I'm seeking a novel and new means for encoding information within a wave medium; perhaps something exploiting pulse modulation or polarization. Comments? Thoughts?
======
tobylane
AM and FM are time and frequency-modulated respectively, of radio signsls. If
you look at any other form of energy, such as optics, copper, even just
rolling marbles down a hill, you'll see the same separation.

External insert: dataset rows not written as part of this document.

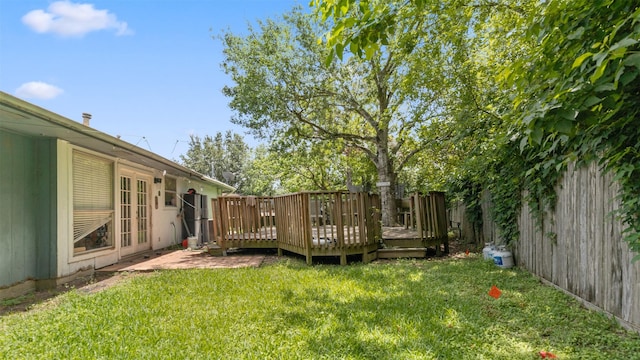 view of yard with a fenced backyard and a wooden deck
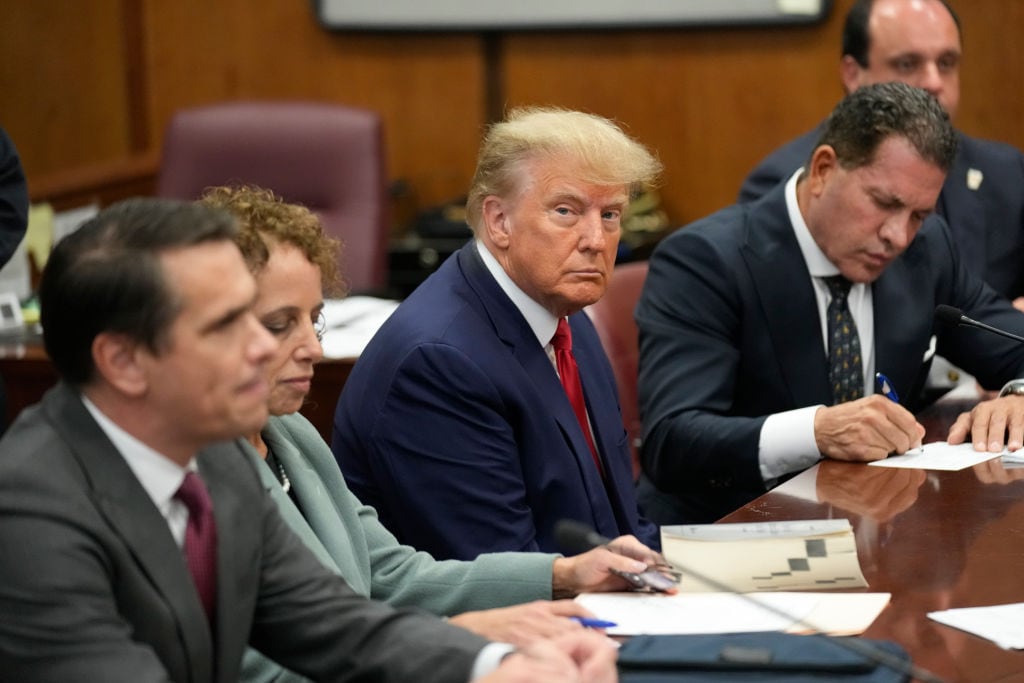 NEW YORK, NEW YORK - APRIL 04: Former U.S. President Donald Trump sits at the defense table with his defense team in a Manhattan court during his arraignment on April 4, 2023, in New York City. Trump was arraigned during his first court appearance today following an indictment by a grand jury that heard evidence about money paid to adult film star Stormy Daniels before the 2016 presidential election. With the indictment, Trump becomes the first former U.S. president in history to be charged with a criminal offense. (Photo by Seth Wenig-Pool/Getty Images)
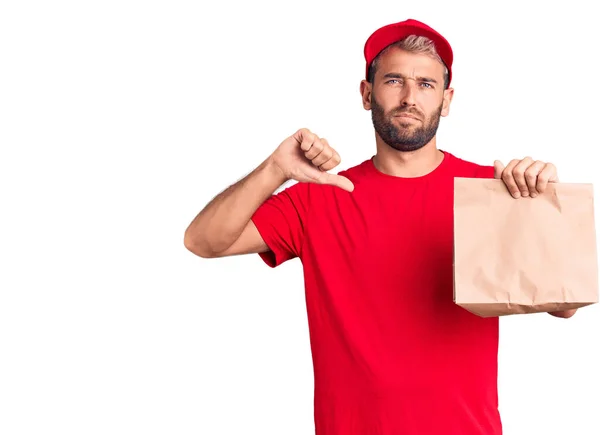 Young Handsome Blond Man Holding Delivery Paper Bag Angry Face — Stock Photo, Image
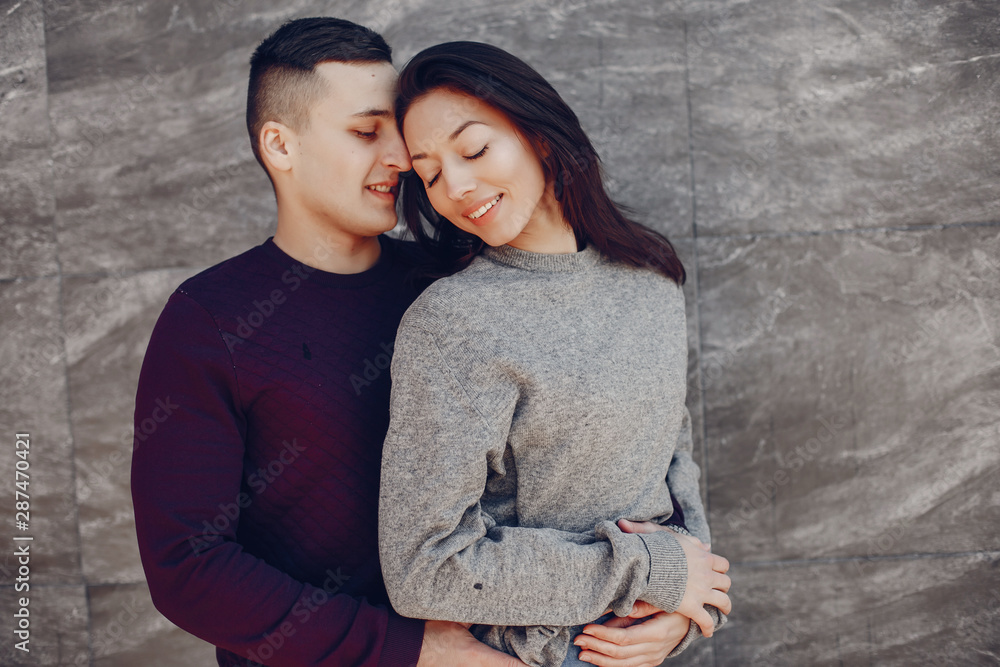 Cute couple have fun. Boy and girl in a winter park. Man in a red sweater. Brunette in a gray sweater Cute couple have fun. Boy and girl in a winter park. Man in a red sweater. Brunette in a gray sweater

Are you wanting something that might be done by today's spies, today's clever
children or clever children in 10-20 years?

------
gvb
There is a lot of other modulation techniques... start by understanding them.
You can start with Wikipedia, follow the links in the sidebar.
<http://en.wikipedia.org/wiki/Amplitude_modulation>

Analog modulation: AM / FM / PM / QAM / SM / SSB

Digital modulation: ASK / APSK / CPM / FSK / MFSK / MSK / OOK / PPM / PSK /
QAM / SC-FDE / TCM

Spread spectrum: CSS DSSS FHSS THSS

See also: Capacity-approaching codes / Demodulation / Line coding / Modem /
PAM / PCM / PWM

There are limits to how much information can be transmitted on a channel with
a given signal/noise ratio. <http://en.wikipedia.org/wiki/Shannon_limit>